Learn Awk with Emacs (2020)

beepbooptheory · on Feb 19, 2022

I have started to use org babel for a lot of things these days. To just write little experiments, or do ephemeral tasks. This is especially useful when I want to operate on a db and remember the query, or have an org file that is like dashboard of views into a db, with lots of notes and links to other notes.

I use org-roam, and put a lot of things in dailies, so I have a temporal log of work that is easily searchable (using deft, or just rg). So much of the mental burden of where to put things is gone, they are in my journal now, and I can always tangle them into a file if I need to, and then I just start linking commits into org to continue to keep track.

Talk about tangling, I also have one big "system config" file that contains all of my rc files and other system configurations and scripts, with sensitive information encrypted transparently with org crypt. I just keep this all in my shared nextcloud Sync folder. I even have configuration and scripts for my homelab and personal server in other files!

Not only that, but I have started relying on org attach to keep a repository of miscellaneous files. Have some PDF or zipfile I dont want to forget about? I just attach it to the daily document and write some notes about it, and wherever I am I can get it. Even have started compressing old projects and "backing them up" into org.

I work through SICP these days in an org babel document, with liberal tangling and noweb, and now I have a journal to myself of my progress, constantly linking to other nodes as I gain more concepts.

I am not a professional computer person, so I don't work with other people. I understand that this works for me because of that.

mynameismon · on Feb 19, 2022

> I work through SICP these days in an org babel document

Would you mind sharing a bit more on your workflow? I am personally going through Crafting Interpreters myself, and I am struggling to organise my code and notes, since I am unable to get org-babel to work like in separate files, and build in one go.

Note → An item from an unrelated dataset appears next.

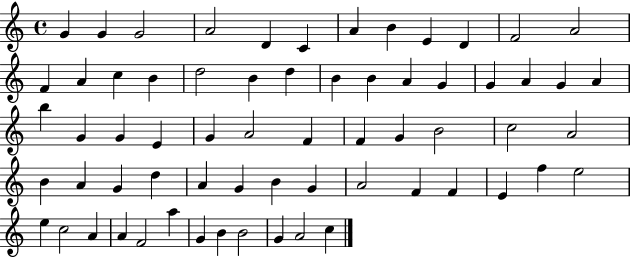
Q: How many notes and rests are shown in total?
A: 65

Jtsummers · on Feb 19, 2022

Not GP, but I've done this before.

I don't have access to it at the moment, but I wrote a small shell script that invoked emacs (without running init.el/.emacs) and ran org tangle on a file. I incorporated that into a Makefile so it ran on every org file. I placed my org files in the same places (in the file system) as normal source files and had a 1-to-1 mapping of org files to <target language> files (C, Java, Lisp, Go, doesn't matter, done it all). 1-to-1 isn't necessary, I've also done one mega-file that tangled into many source files, including into subdirectories. After tangling, you can trigger any particular build system commands needed (like in rust, run `cargo build` or `cargo run`).

Another thing I've done for smaller things is something like:

  #+BEGIN_SOURCE language :tangle foo.language
  ...
  #+END_SOURCE
  #+BEGIN_SOURCE sh
    build command foo.language
    ./foo
  #+END_SOURCE

Run C-v-t (to tangle the source file(s)) and then navigate to that last block and use C-c C-c to execute it, which will execute the language specific build commands and then run the executable (adjust to particular circumstances). You can also have many of those shell blocks to run different things or in different ways (one to build a release version, another to build a debug version, another to run all the tests, etc.).

mynameismon · on Feb 19, 2022

Ah, that actually seems extremely interesting. Thanks for clearing the multifile bit of it!

kaushalmodi · on Feb 19, 2022

Emacs Org Babel is amazing! I also was practicing awk examples from The AWK Programming Book few years back in a similar fashion: https://scripter.co/notes/awk/.

And it's not just awk, there are Org Babel packages available for virtually all the languages!

- Nim (these are my most comprehensive set of notes): https://scripter.co/notes/nim/

- Tcl: https://scripter.co/notes/tcl/

- String formatting in Nim and Python: https://scripter.co/notes/string-fns-nim-vs-python/

- PlantUML: https://scripter.co/notes/plantuml/

In all the notes pages above, the result of the code blocks is seen directly in the Emacs buffer when I hit C-c C-c. Then I simply* export all those notes to Markdown and publish them using Hugo.

* Tangent: That's one of the main reasons why I went down the path of developing ox-hugo.

giraffe_lady · on Feb 20, 2022

do you have to install and configure each language into emacs or org mode? or is just having them in your system path enough?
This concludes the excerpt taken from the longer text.